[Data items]
===============

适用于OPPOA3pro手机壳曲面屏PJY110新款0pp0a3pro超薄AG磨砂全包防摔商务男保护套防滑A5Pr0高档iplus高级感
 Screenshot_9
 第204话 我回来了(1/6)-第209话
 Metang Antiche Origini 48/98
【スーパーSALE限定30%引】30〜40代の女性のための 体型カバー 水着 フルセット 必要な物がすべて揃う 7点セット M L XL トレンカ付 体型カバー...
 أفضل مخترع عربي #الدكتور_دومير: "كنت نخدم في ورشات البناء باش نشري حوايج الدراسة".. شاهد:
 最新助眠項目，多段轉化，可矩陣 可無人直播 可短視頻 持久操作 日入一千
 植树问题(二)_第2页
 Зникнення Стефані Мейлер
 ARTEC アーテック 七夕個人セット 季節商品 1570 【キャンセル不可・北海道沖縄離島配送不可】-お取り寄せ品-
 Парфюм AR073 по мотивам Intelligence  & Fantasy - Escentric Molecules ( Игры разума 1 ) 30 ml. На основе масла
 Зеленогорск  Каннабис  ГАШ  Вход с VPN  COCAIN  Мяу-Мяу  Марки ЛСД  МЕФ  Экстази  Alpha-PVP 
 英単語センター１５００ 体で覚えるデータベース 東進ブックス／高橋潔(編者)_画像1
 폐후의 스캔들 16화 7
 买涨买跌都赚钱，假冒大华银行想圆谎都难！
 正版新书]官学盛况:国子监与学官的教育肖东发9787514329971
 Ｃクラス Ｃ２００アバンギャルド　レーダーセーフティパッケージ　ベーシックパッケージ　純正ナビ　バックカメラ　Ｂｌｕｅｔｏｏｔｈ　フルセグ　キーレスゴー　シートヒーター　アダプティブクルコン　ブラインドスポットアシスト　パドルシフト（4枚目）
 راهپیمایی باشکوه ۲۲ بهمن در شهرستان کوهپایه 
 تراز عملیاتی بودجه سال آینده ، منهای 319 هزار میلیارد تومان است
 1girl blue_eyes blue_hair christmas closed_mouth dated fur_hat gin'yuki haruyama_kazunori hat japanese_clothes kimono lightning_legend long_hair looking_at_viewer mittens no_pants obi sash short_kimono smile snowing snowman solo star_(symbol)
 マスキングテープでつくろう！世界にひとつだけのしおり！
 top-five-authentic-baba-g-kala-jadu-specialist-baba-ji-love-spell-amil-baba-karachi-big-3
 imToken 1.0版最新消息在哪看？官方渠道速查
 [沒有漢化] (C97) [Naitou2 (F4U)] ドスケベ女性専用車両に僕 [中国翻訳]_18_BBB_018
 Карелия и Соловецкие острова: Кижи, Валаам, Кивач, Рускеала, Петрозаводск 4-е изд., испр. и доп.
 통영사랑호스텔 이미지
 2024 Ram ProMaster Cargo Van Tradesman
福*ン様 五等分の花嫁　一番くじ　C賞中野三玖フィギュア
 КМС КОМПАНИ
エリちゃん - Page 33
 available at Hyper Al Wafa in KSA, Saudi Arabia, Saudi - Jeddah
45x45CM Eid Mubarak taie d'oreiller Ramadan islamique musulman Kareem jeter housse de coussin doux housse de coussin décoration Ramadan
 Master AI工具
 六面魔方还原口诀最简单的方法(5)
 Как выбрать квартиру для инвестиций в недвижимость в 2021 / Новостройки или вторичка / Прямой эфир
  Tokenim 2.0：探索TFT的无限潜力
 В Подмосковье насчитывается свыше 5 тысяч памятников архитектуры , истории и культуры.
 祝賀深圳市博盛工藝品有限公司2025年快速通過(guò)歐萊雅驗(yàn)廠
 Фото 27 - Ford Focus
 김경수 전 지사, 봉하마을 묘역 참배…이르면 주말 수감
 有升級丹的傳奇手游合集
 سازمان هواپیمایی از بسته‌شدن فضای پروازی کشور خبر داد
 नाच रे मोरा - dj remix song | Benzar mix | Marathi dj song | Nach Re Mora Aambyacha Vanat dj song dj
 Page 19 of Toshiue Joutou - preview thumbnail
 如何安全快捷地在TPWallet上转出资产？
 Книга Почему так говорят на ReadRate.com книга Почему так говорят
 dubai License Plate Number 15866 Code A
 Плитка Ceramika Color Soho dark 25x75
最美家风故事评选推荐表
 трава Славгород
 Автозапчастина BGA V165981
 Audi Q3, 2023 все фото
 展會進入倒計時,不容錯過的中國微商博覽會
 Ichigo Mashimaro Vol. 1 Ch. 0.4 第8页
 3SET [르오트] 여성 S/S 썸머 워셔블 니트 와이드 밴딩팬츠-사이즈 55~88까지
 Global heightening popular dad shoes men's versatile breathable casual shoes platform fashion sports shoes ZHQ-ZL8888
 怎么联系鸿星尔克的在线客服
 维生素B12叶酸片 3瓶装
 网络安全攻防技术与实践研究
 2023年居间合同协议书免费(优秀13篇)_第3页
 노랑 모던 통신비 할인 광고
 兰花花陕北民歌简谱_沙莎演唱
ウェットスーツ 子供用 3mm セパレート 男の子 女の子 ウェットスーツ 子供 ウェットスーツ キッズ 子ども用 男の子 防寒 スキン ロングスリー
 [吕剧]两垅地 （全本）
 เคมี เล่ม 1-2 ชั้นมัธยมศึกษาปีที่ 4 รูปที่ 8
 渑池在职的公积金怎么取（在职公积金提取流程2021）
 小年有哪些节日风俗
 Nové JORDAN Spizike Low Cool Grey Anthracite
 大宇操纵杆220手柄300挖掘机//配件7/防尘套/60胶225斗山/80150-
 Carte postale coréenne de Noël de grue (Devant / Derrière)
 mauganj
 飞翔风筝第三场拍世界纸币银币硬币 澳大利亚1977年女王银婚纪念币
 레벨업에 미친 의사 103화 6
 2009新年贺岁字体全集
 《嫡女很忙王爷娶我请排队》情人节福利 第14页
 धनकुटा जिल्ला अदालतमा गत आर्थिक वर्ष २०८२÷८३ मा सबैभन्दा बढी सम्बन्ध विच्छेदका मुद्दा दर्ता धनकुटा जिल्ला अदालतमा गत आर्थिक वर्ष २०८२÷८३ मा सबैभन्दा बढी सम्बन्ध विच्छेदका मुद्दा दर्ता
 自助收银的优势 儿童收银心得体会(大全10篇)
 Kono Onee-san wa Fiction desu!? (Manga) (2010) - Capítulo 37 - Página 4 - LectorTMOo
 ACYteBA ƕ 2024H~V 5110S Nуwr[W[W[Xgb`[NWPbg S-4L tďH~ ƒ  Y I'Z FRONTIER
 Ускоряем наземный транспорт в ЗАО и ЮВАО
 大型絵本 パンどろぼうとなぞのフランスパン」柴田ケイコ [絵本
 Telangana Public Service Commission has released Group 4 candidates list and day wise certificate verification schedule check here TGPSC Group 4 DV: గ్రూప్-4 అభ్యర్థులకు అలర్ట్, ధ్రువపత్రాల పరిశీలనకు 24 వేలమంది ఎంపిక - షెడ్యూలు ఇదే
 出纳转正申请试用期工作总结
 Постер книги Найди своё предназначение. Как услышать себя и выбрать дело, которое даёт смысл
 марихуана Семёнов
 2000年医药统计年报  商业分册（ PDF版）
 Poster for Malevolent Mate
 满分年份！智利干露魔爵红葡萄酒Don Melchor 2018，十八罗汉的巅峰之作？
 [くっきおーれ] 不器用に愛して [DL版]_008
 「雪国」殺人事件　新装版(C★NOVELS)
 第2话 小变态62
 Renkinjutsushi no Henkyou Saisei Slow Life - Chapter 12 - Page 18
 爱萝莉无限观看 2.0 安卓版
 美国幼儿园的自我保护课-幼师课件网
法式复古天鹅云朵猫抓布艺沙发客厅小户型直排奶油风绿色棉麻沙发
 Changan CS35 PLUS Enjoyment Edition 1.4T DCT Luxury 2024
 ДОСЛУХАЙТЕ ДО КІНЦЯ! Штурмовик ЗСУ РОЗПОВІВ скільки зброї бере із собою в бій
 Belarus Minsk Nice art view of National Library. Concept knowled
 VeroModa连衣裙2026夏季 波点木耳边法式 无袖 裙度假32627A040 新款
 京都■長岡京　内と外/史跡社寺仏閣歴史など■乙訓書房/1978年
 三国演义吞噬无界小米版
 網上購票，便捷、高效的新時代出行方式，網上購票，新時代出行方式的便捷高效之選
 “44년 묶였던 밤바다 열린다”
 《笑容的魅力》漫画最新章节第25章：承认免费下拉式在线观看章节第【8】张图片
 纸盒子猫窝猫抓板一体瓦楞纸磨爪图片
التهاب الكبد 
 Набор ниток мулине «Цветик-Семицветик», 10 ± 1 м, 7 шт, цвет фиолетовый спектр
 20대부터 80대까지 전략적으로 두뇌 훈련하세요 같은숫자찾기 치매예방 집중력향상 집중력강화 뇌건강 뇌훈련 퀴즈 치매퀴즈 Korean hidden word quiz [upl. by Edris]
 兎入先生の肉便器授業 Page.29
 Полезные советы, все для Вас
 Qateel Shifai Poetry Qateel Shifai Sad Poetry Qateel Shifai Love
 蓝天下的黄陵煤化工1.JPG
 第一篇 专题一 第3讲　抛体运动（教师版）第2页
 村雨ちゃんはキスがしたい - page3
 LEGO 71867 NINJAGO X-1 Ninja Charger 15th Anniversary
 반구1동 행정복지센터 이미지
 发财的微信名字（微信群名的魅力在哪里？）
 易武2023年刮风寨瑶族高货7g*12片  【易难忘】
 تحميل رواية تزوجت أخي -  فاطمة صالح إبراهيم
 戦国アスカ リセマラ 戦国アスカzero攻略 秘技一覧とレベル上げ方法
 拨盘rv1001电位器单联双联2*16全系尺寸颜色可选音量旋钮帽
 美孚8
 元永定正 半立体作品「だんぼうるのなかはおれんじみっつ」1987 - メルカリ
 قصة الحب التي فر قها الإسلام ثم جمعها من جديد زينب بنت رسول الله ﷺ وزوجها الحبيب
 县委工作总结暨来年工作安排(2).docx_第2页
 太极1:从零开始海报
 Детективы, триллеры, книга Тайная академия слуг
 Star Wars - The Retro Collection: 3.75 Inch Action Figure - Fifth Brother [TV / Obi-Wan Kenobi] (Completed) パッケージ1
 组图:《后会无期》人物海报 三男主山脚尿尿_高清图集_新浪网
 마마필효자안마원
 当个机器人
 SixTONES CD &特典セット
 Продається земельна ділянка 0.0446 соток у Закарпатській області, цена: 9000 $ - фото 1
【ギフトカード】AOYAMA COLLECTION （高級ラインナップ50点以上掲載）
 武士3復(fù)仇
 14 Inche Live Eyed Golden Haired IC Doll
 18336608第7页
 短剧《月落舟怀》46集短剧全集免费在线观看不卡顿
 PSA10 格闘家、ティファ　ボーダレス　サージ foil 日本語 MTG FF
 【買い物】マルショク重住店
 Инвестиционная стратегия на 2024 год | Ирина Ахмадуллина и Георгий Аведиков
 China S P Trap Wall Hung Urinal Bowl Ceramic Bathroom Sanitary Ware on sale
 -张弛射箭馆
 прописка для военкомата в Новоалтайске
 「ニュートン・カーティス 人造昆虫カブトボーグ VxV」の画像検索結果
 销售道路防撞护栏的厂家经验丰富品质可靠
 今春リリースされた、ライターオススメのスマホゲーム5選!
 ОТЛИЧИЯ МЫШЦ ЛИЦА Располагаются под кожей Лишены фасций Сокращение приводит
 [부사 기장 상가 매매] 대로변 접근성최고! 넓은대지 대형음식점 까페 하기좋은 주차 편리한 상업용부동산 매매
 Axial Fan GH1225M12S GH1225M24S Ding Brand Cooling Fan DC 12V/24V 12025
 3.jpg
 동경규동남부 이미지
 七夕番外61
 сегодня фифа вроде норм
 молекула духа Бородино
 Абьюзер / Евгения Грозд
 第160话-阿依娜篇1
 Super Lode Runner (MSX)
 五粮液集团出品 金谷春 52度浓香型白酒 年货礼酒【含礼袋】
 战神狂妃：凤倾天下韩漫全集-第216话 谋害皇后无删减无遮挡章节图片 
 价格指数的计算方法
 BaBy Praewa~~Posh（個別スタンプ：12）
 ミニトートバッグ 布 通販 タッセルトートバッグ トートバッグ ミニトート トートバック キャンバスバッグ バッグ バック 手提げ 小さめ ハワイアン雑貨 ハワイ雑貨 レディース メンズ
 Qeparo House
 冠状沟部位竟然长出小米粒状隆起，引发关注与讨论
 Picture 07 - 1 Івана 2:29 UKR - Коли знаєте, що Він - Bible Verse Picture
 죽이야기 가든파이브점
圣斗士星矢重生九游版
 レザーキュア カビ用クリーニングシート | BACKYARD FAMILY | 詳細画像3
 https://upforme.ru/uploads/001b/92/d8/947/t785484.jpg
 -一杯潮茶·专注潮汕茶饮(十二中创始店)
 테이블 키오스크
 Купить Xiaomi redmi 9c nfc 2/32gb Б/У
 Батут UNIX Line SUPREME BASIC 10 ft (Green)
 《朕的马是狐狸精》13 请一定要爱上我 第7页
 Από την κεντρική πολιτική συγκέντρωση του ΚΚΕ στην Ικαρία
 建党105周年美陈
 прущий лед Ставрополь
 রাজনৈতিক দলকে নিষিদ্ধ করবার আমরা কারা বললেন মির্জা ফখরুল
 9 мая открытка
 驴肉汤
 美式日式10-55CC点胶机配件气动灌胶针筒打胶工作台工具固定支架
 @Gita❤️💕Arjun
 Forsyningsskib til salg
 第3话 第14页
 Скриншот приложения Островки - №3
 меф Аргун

===============

EXERCISE
From the records above, print exactly the lines that run from the line with "марихуана Семёнов" to the line with "爱萝莉无限观看 2.0 安卓版", inclusive.

SOLVED EXERCISE
 марихуана Семёнов
 2000年医药统计年报  商业分册（ PDF版）
 Poster for Malevolent Mate
 满分年份！智利干露魔爵红葡萄酒Don Melchor 2018，十八罗汉的巅峰之作？
 [くっきおーれ] 不器用に愛して [DL版]_008
 「雪国」殺人事件　新装版(C★NOVELS)
 第2话 小变态62
 Renkinjutsushi no Henkyou Saisei Slow Life - Chapter 12 - Page 18
 爱萝莉无限观看 2.0 安卓版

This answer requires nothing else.